Moon Knight #3 (1980) Review

Writer: Doug Moench

Art: Bill Sienkiewicz, Joe Rosen, Bob Sharen

Price: .50cents

Release Date: January 1st, 1980

As Moon Knight becomes firmly entrenched in New York’s crime-fighting scene, let’s take a peek at what’s new in the world of Moon Knight!

As we continue our look at the history of Moon Knight we’re up to issue #3. It’s really obvious to me that the creative team is hitting their stride in this issue. This first example of this is in the picture above. In credits box the writer and artists last names are blocked out by the newspaper, but Sienkiewicz sneaked their whole names in the actual article. Not a big deal but a really nice touch.

Also, Moon Knight’s supporting cast is also firmly in place. We get more depth shown of the supporting characters and locations that are frequently visited. From Frenchy, Marlene, and Crawley to Gena’s diner I feel like I’m really beginning to know these characters.

The newspaper article says that Moon Knight has been active in 19 of the last 23 nights. So he’s been a busy guy.

While Moon Knight doesn’t have the best rogues gallery in comics we’re introduced to one of them in this issue, Midnight Man! While he proves to be a worthy adversary, I feel the world-building is just as important. Read the issue to see what Midnight Man is all about!

Again the art is a high point for me. Sienkiewicz is just SO good. The action sequences and the atmosphere he creates is really really good.

As with the previous 2 issues, this is a one and done, and I really like it. You get a quick concise story and we can move on to something new in the next issue.

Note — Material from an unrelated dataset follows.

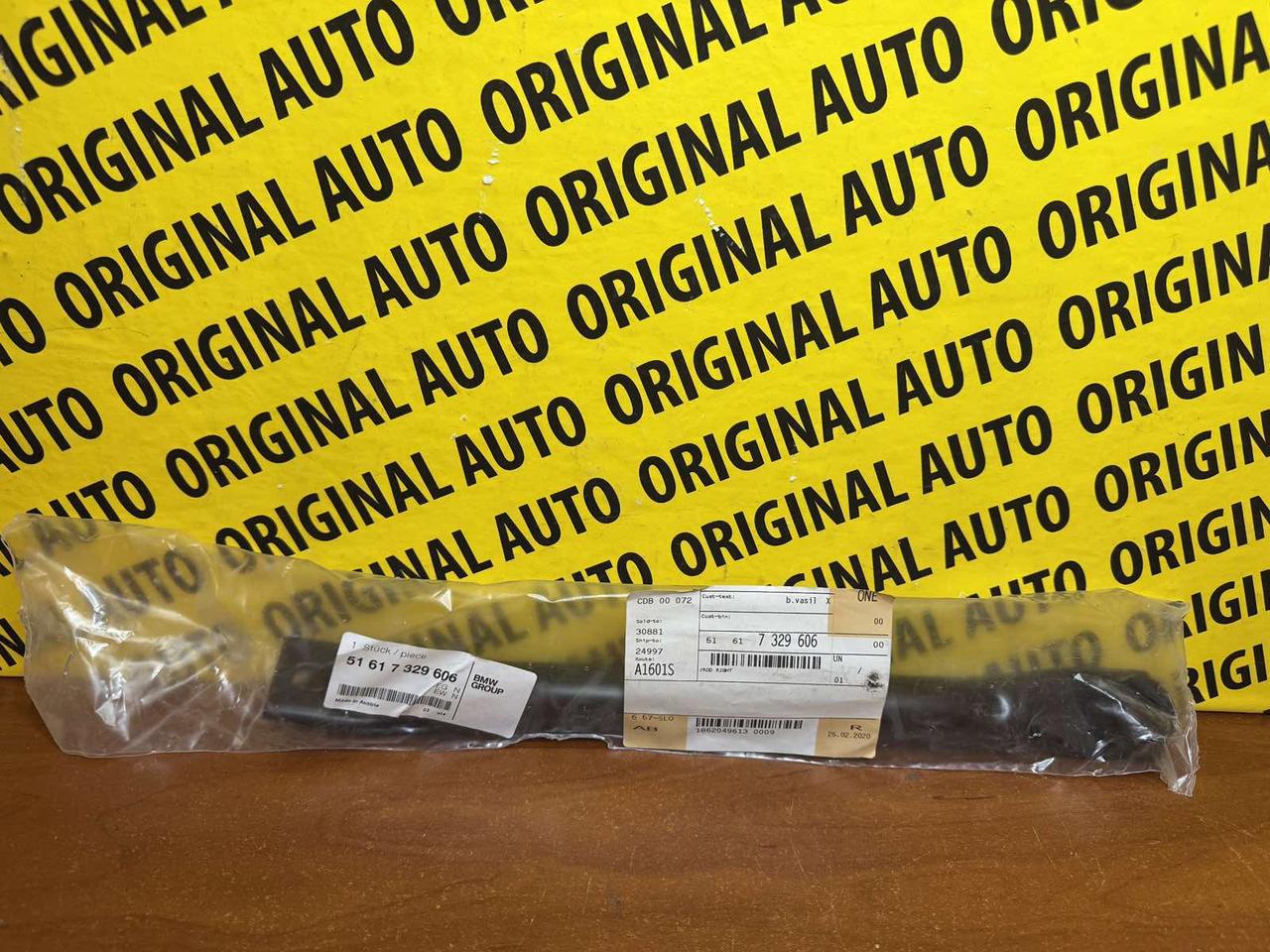 Підсилювач кузова передній правий BMW 7 G11 G12, 51617329606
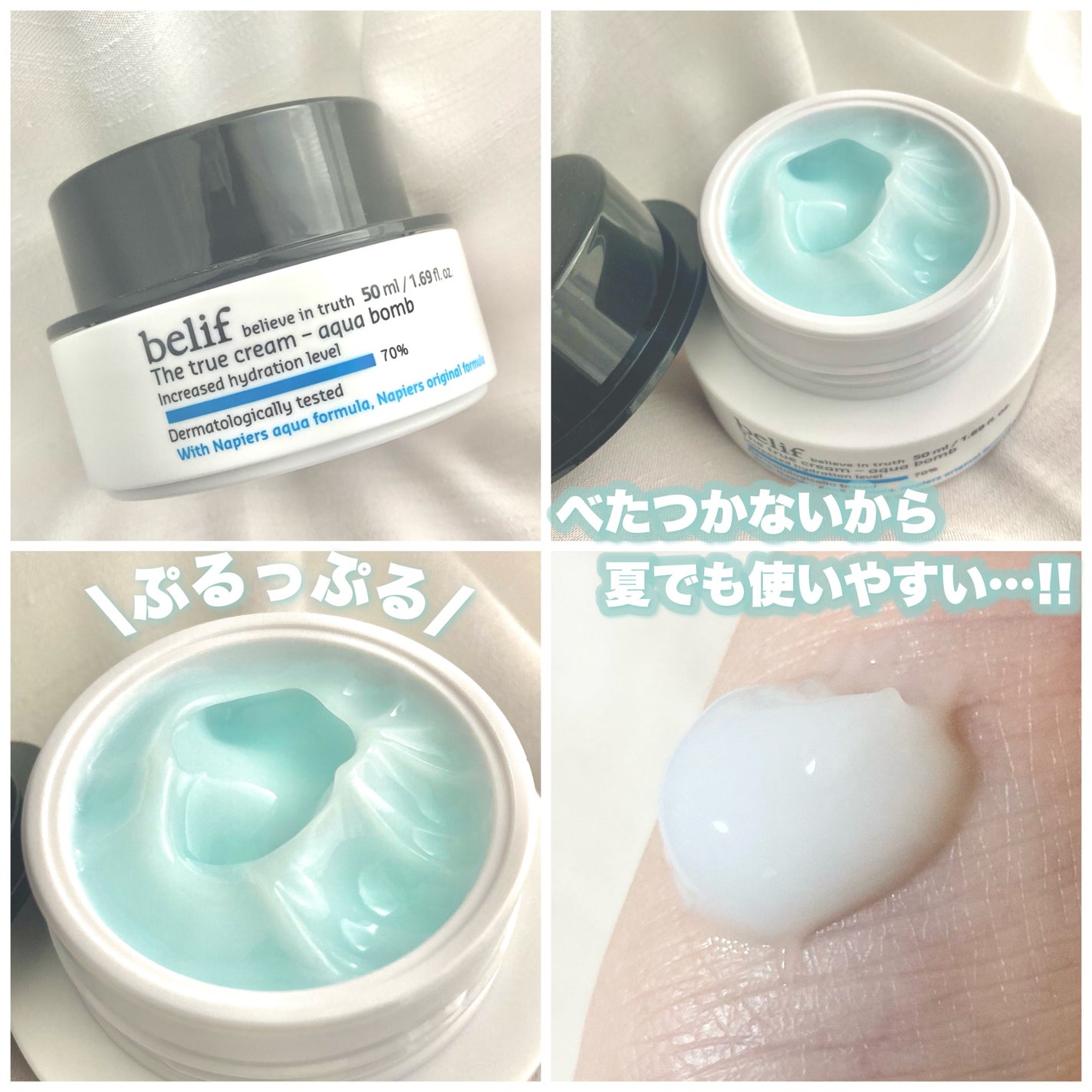 ザトゥルークリームアクアバーム/belif/フェイスクリームを使ったクチコミ(2枚目)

Each issue is self-contained, but character development is shown throughout issues. It’s much different from today’s comics that stretch a story out for six issues.

If you enjoyed this review you can check out my review of Moon Knight #1 here. And Moon Knight #2 here.

Final Thoughts:

After three issues I feel a part of the Moon Knight world. He’s very quickly becoming one of my favorite superheroes.